Durante uma noite aparentemente corriqueira no Amazonas, o policial Dalberto (Daniel de Oliveira) atende um chamado de agressão física. Ao chegar no local, ele se depara com uma poça de sangue, um homem no chão e duas mulheres. A mais velha é a primeira a prestar esclarecimento, mas é Anaíra (Sophie Charlotte), a mais jovem, quem assume a autoria (“fui eu! Quebrei uma garrafa e enfiei nele!”). O que era para ser um simples contato protocolar se revela o início de uma paixão, transformada em amor à medida em que Anaíra e Dalberto se conhecem e traçam planos para o futuro. Ele mira na riqueza material, oferecendo dinheiro e posses, mas ela quer o abstrato, “uma noite inesquecível”. Para realizar o desejo da futura esposa, Dalberto, que deixou a corporação para viver da pesca, resolve aceitar um trabalho clandestino, mas os dez dias iniciais da viagem rapidamente se multiplicam quando o homem recebe uma proposta financeiramente ainda mais tentadora.

Tentação, aliás, é o cerne de O Rio do Desejo, novo filme do veterano Sérgio Machado, diretor dos ótimos Cidade Baixa e Quincas Berro d’Água e roteirista de Madame Satã e Abril Despedaçado. O currículo recheado de pérolas do nosso cinema serve como chancela do seu talento e nos lembra de que o baiano de 55 anos é capaz de muito mais. Pois O Rio do Desejo, em seus ecos de Cidade Baixa, seu longa-metragem de ficção mais reconhecido, evidencia um profissional em pleno domínio de suas funções, claro, mas que opera numa marcha diferente, mais lenta, como se estivesse acomodado em sua zona de conforto.

Desenvolvendo—se como um melodrama clássico, mas com fortes pitadas de erotismo, o roteiro escrito pelo próprio diretor em parceria com Maria Camargo, George Walker Torres e Milton Hatoum (autor do conto que embasa a história), estabelece fortes conexões entre os personagens, mas sem antes sedimentar características importantes do passado de cada um. Anaíra, como já dito, vem de um lar esfacelado pela violência. Dalberto é o idealista, o sonhador, mas carrega as cicatrizes psicológicas de ter crescido sem mãe, trauma compartilhado pelos irmãos Dalmo (Rômulo Braga), o mais velho, e Armando (Gabriel Leone), o mais jovem. Enquanto o primogênito é mais introspectivo, o caçula mal consegue conter a intensidade que a juventude lhe traz.
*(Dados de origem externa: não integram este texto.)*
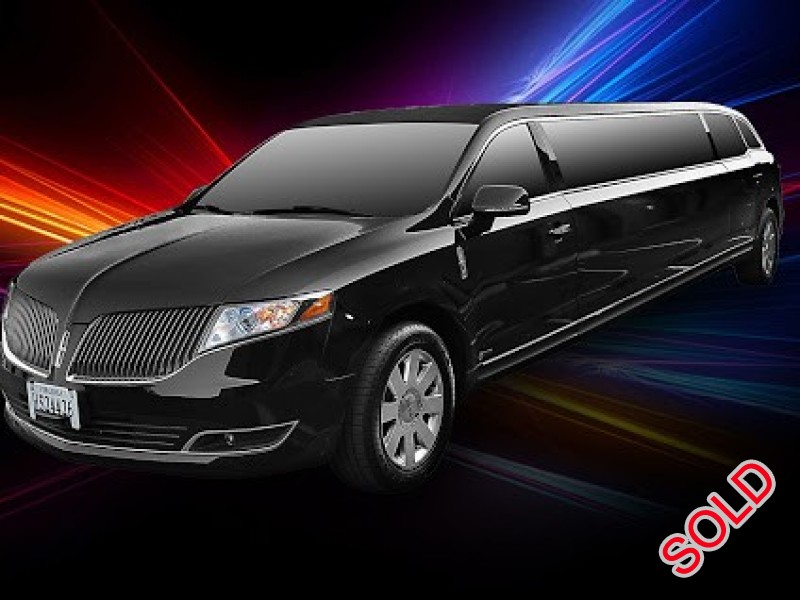 Used 2014 Lincoln MKT Sedan Stretch Limo LCW - kenner, Louisiana - $37,000  - Limo For Sale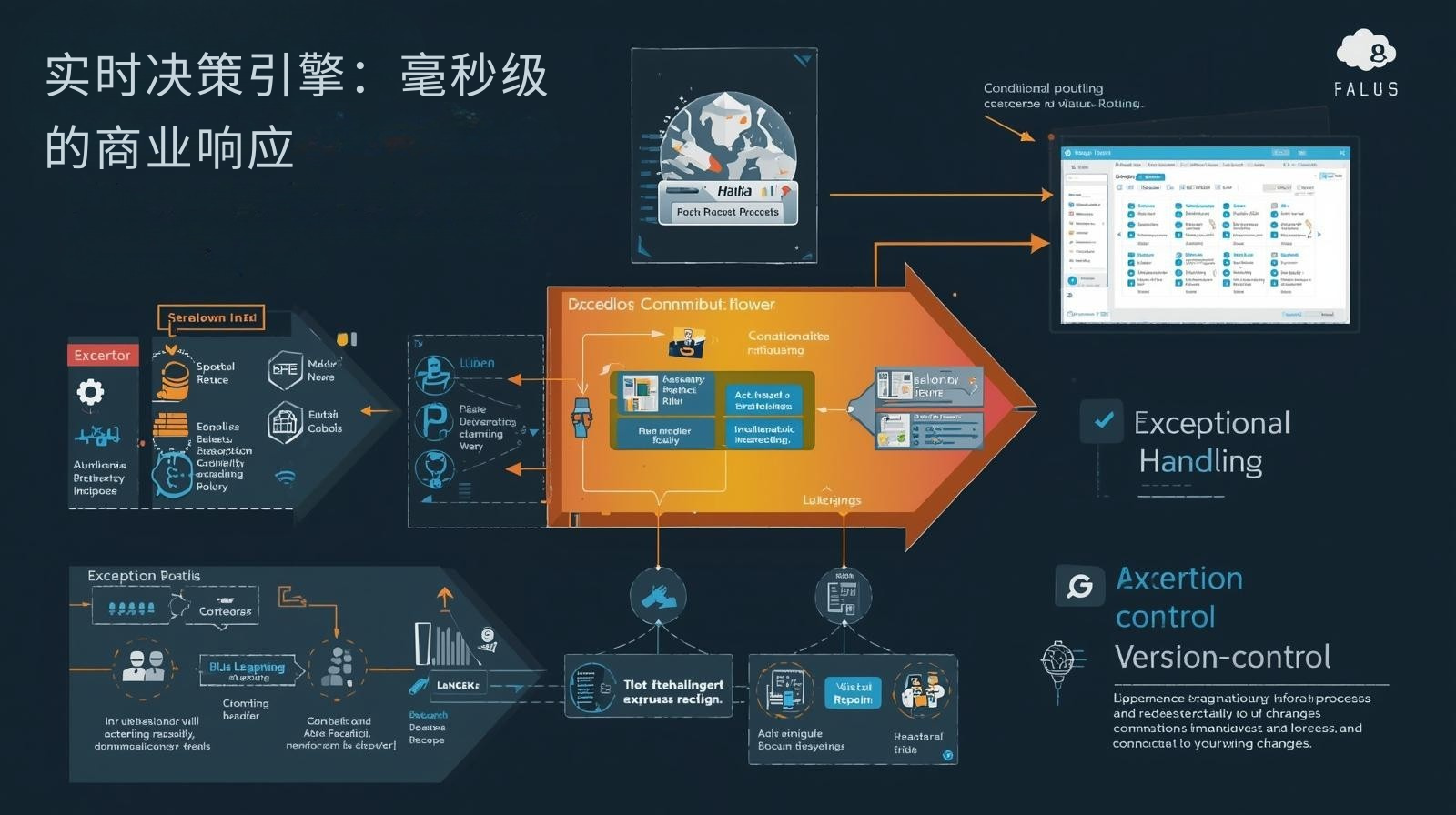 实时决策引擎：毫秒级的商业响应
Essa intensidade, que cede espaço à impulsividade, faz de Armando o elo fraco de uma corrente de relações com potencial para ser um quadrado romântico. Se jamais deixa de ser um triângulo amoroso, é porque Dalmo consegue transferir o magnetismo compartilhado com Anaíra para encontros com prostitutas, permitindo-se extravasar toda a libido acumulada. Já Armando ainda não possui experiência suficiente para antever os caminhos que sua aproximação de Anaíra tomarão, sucumbido ao desejo, elemento crucial e que move a história.

Um simples triângulo amoroso passa longe de ser uma novidade, mas o que separa a trama de O Rio do Desejo do enredo de uma novela das nove é a capacidade de Sérgio Machado em transmitir a voltagem exalada pelos personagens através da linguagem cinematográfica. Os planos fechados que poderiam ser entendidos como um recurso para enfatizar a proximidade entre Anaíra e os irmãos num folhetim, aqui são utilizados para ratificarem a claustrofobia, por exemplo, com figuras que mal cabem na tela.
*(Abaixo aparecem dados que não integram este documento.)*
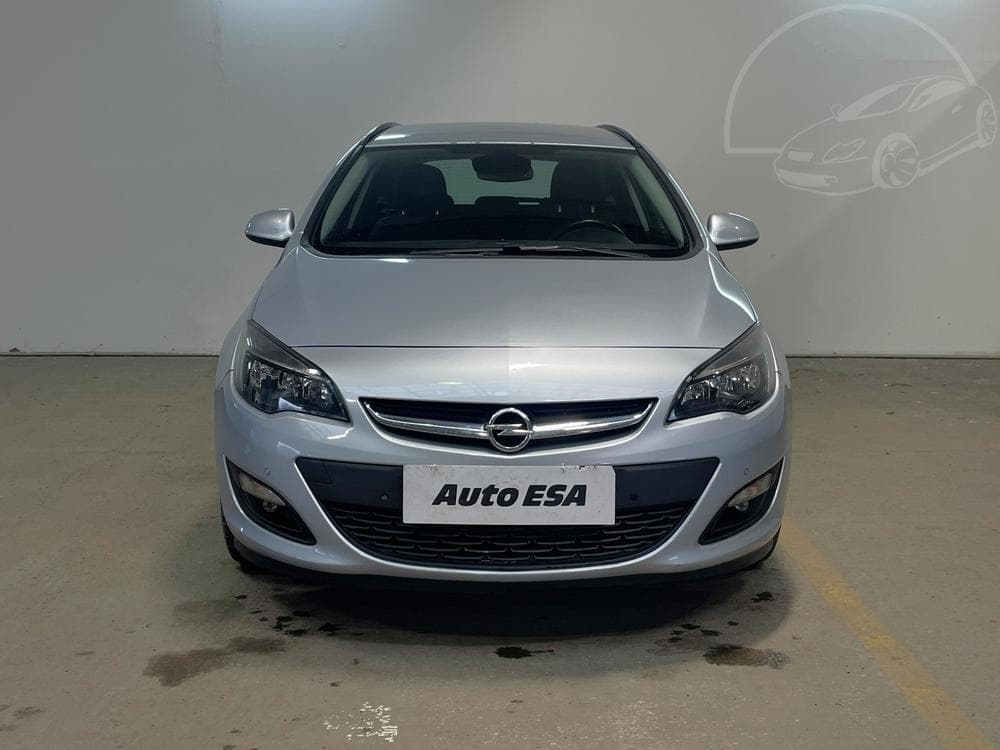 2016 Opel ASTRA - 2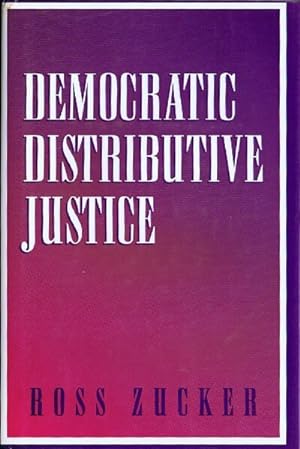 Democratic Distributive Justice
Em contrapartida, a ambientação no Amazonas, que ressalta a diversidade do nosso país, possibilita a produção utilizar seus vários rios e fronteiras invisíveis para mostrar Dalmo como um homem que está sempre em movimento, ao contrário de Anaíra, isolada em casa enquanto tenta se manter fiel ao marido. A fotografia, que utiliza as sombras para corroborar o tom misterioso, com segredos escondidos na penumbra, merece elogios também por permitir pequenos feixes de luz em momentos importantes, como na cena em que Dalmo observa Anaíra enquanto se penitencia ou no espaço em que revela as fotografias tiradas da moça, com o vermelho cumprindo sua tradicional função.
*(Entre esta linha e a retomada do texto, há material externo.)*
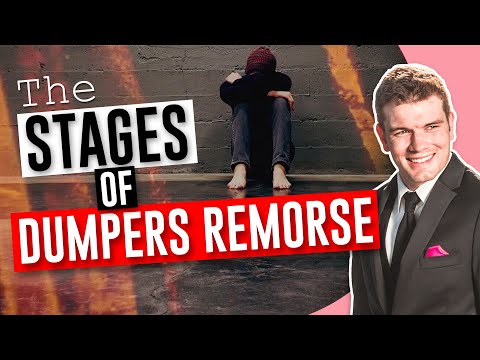 Видео: Стадии раскаяния бросивших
A narrativa enxuta, envolve graças à sintonia de seu elenco (méritos para a lendária preparadora de elenco Fátima Toledo), com interpretações carismáticas e repletas de personalidade. Se Daniel de Oliveira, um gigante do nosso Cinema com uma galeria de atuações marcantes, acaba ganhando mais espaço para explorar os extremos de Dalberto, Rômulo Braga é particularmente eficaz ao sugerir os conflitos internos de Dalmo, tomado por dilemas que o tornam a figura mais complexa da história, ao passo que Gabriel Leone, ator jovem, mas que já conta com uma filmografia respeitável, é hábil ao captar as nuances de Armando (note os olhares e a mudança da voz na presença de Anaíra), embora tende a ser mais lembrado pelos momentos mais explosivos. Já Sophie Charlotte é a que tem mais dificuldades, por lidar com um papel mais passivo.

Contando com um segundo ato que abre um fascinante leque de possibilidades, especialmente quanto às personalidades construídas até então, é uma pena que O Rio do Desejo opte pelo mais mundano dos caminhos, negando-se a cumprir as promessas que fez até então. Ao examinar a força do laço entre os irmãos e os desejos de cada um, a produção deixa de lado o mistério para se apegar a um senso mais imediato e simplista de conclusão, por mais que Dalberto seja beneficiado pela intenção do roteiro de manter até o fim as convicções do sujeito.

Dessa forma, O Rio do Desejo talvez deixe o espectador com um sabor amargo ao final da projeção, mas que não deveria se sobrepor aos acertos de uma história conduzida por um profissional que tem pleno domínio dos dignos do melodrama.